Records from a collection
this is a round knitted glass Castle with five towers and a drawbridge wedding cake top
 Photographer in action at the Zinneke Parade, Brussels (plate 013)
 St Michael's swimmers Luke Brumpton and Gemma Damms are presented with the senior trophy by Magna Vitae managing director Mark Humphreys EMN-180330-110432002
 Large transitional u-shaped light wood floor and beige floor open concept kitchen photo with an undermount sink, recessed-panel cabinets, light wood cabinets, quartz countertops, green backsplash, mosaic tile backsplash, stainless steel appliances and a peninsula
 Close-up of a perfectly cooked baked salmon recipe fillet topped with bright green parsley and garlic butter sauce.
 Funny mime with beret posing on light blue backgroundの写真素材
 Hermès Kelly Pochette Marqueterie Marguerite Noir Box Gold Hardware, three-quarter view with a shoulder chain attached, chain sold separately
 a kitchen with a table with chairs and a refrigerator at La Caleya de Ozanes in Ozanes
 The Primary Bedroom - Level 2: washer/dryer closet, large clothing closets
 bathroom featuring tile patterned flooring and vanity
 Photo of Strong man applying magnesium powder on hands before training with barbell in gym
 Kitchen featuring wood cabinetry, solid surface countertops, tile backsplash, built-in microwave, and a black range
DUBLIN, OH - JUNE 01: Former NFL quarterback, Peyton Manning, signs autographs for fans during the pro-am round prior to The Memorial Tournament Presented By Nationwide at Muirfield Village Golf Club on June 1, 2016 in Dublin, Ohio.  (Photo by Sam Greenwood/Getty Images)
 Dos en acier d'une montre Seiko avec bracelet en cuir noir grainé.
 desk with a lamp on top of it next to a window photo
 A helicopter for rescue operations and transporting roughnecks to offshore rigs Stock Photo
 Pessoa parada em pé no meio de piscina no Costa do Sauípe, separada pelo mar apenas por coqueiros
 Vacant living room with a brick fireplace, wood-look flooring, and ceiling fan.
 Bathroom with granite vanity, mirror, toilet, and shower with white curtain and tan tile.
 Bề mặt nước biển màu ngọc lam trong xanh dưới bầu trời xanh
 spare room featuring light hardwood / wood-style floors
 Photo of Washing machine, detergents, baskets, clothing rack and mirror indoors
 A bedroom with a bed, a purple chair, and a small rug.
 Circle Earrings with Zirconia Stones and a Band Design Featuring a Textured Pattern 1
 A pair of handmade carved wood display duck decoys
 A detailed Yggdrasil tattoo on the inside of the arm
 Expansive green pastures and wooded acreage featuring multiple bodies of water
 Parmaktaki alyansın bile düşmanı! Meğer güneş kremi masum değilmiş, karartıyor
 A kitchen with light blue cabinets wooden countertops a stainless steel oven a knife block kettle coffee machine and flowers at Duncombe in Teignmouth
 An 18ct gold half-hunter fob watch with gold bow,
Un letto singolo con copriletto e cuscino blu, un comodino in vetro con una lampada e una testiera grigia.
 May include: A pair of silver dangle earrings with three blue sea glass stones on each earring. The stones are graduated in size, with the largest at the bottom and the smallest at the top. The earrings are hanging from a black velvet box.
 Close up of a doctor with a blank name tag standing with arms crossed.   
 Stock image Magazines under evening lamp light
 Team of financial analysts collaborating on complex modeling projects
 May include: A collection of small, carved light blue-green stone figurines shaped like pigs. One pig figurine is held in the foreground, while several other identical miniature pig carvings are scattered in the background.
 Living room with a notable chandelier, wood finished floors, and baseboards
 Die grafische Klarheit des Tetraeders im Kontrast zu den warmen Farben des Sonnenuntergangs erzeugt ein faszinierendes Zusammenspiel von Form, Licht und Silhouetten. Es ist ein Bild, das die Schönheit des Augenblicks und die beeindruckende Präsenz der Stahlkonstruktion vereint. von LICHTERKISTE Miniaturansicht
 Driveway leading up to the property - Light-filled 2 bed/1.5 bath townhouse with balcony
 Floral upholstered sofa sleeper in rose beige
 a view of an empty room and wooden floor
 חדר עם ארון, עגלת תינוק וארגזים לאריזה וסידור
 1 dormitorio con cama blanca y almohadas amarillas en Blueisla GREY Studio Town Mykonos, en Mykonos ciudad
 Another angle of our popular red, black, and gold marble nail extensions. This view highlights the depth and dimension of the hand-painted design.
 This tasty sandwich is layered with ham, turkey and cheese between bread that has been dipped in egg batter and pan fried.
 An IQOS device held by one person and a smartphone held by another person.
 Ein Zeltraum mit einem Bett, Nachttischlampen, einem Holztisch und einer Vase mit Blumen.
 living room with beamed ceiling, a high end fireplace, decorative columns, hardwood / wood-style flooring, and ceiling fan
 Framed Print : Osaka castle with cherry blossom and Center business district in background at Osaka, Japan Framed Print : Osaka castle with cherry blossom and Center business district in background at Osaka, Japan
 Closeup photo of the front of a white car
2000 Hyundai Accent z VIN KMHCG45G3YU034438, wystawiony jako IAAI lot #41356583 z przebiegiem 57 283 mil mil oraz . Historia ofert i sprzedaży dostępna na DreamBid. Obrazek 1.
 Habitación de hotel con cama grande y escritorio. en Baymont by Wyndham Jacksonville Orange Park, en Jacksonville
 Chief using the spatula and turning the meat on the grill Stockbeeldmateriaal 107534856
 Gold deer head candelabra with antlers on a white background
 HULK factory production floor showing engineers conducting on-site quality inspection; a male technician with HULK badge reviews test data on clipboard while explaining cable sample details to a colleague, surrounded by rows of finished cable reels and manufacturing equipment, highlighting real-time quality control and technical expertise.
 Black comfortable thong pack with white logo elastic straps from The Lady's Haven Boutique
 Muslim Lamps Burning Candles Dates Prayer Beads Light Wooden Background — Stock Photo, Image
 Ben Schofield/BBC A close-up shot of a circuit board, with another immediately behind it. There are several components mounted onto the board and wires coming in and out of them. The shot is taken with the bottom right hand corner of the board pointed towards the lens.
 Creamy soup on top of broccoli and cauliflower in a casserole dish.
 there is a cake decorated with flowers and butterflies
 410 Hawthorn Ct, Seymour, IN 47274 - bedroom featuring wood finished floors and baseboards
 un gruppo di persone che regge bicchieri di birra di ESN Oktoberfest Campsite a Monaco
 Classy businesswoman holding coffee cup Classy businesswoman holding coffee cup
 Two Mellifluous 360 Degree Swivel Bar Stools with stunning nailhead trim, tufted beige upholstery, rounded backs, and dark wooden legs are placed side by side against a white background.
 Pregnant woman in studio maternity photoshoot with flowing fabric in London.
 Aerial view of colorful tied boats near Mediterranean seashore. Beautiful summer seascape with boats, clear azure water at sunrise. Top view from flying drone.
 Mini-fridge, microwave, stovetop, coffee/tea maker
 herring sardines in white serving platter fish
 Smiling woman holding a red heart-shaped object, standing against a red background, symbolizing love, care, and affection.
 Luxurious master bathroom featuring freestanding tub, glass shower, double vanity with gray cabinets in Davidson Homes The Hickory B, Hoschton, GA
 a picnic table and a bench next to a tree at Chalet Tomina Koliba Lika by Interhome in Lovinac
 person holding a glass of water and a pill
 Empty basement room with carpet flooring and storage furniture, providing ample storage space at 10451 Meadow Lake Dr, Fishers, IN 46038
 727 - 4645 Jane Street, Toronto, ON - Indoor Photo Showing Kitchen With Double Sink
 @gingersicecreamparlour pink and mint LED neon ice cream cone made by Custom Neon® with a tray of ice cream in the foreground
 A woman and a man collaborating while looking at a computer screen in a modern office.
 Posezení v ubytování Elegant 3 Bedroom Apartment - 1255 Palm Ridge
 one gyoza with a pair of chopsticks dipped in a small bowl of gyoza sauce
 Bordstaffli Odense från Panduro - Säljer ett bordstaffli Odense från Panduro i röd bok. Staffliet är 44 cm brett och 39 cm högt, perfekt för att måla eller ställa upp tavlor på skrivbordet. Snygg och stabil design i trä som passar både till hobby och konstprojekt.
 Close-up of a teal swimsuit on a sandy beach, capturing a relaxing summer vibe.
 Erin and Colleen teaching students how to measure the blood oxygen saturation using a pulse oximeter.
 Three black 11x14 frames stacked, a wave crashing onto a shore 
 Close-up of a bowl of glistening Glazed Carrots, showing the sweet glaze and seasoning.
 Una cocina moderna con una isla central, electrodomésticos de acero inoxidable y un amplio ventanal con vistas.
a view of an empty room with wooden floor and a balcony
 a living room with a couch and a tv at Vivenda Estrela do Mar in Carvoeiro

**EXERCISE**
The records are given above. Copy each line in them that holds "steel".

**RESULT**
 Large transitional u-shaped light wood floor and beige floor open concept kitchen photo with an undermount sink, recessed-panel cabinets, light wood cabinets, quartz countertops, green backsplash, mosaic tile backsplash, stainless steel appliances and a peninsula
 A kitchen with light blue cabinets wooden countertops a stainless steel oven a knife block kettle coffee machine and flowers at Duncombe in Teignmouth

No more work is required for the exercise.